In one embodiment, the document transformation system 100 includes a user interface 110. The user interface 110 may be incorporated into a computing device with a display device, such that the user interface 110 is visible to a user. The user interface 110 may receive various inputs from the user. The user may interact with the user interface 110 to perform some of the operations for the system 100.
The system 100 also includes a transformation engine 112. Some or all of the operations of the system 100 may be performed by the transformation engine 112. In one embodiment, the system 100 first creates a specific source model 116 from a collection of documents. The source model 116 may be a structural summary of all of the source documents that conform to the source XML schema 114. Additional semantic information may be added to the source model 116 for ease of understanding and navigation. In another embodiment, the source model 116 is created in another system. The system 100 receives incremental selections of elements from the source model 116 and adds each selected element to the target model 118. A selected element may be any element from the source model 116. In one embodiment, the source model 116 is represented by a semantic data structure based on an XML schema for source documents. The target model 118 may be a model used to create a corresponding target XML schema 120.
In one embodiment, the semantic data structure is a Semantic Data Guide (SDG) as disclosed in “Method for Generating Statistical Summary of Document Structure to facilitate Data Mart Model Generation,” disclosed anonymously, IP.com number IPCOM000199141D, published Aug. 26, 2010, semantic data structure may aid the user in selecting source elements for mapping by using three types of information about the source documents that may not be provided by the source XML schema 114. The system 100 makes use of element names that are more descriptive than those provided by the XML schema, and which depend to some extent on the content of the input document. For example, an element named “observation” in the schema may be known to be a “Blood Pressure Observation” based on a code value found within the document. A document element whose value provides cues about the meaning of another element as a discriminator, and refers to the corresponding, more specifically named element (e.g., “Blood Pressure Observation”) is referred to herein as a discriminated element.

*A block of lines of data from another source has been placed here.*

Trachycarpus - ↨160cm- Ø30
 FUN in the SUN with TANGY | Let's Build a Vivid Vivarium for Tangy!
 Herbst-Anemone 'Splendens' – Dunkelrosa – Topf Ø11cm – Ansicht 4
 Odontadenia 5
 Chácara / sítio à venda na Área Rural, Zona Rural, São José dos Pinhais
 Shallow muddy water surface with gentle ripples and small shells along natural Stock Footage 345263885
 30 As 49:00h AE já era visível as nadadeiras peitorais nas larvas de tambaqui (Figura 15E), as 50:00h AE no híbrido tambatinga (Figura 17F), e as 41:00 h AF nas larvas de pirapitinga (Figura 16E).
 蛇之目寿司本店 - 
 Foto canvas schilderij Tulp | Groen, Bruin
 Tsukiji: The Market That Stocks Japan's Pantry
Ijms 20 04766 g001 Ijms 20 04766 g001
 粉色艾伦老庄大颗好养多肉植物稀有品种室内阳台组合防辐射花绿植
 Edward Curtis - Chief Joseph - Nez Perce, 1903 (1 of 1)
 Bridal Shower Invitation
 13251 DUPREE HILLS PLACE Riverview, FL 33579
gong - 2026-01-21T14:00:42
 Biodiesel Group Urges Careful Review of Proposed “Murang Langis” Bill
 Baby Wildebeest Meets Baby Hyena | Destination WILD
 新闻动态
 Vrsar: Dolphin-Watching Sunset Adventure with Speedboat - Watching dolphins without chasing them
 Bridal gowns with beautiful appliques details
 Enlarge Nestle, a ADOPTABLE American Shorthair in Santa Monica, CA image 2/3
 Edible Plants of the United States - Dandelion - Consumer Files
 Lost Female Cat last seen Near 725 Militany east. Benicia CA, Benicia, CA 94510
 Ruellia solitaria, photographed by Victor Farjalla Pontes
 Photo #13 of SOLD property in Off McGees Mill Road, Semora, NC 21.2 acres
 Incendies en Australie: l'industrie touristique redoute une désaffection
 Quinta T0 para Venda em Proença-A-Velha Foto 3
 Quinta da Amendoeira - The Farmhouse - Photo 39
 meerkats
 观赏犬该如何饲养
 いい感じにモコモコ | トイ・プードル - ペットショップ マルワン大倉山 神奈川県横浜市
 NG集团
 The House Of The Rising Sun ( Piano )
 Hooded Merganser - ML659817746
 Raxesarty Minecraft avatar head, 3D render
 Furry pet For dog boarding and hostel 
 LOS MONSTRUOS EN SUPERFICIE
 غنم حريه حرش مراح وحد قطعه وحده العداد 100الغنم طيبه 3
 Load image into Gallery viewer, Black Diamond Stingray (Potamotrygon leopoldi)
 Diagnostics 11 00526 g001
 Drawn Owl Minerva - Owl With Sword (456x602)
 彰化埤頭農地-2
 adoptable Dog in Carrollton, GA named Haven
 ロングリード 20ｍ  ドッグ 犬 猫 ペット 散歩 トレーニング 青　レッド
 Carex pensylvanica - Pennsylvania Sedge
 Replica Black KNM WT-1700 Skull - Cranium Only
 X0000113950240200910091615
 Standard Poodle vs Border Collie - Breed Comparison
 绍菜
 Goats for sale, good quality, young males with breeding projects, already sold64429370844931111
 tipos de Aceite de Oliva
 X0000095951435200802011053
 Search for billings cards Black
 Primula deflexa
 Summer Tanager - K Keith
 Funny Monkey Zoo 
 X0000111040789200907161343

The system 100 also makes use of information about where each discriminated element appears within input documents. This information is represented in the form of a set of paths starting from a root of the document and leading to the element in question. In one embodiment, the paths are context paths. Some elements may occur in multiple contexts, but other elements defined in the XML schema may not occur at all in the input documents. Such elements may not need to be mapped, and are not presented to the user in the user interface 110.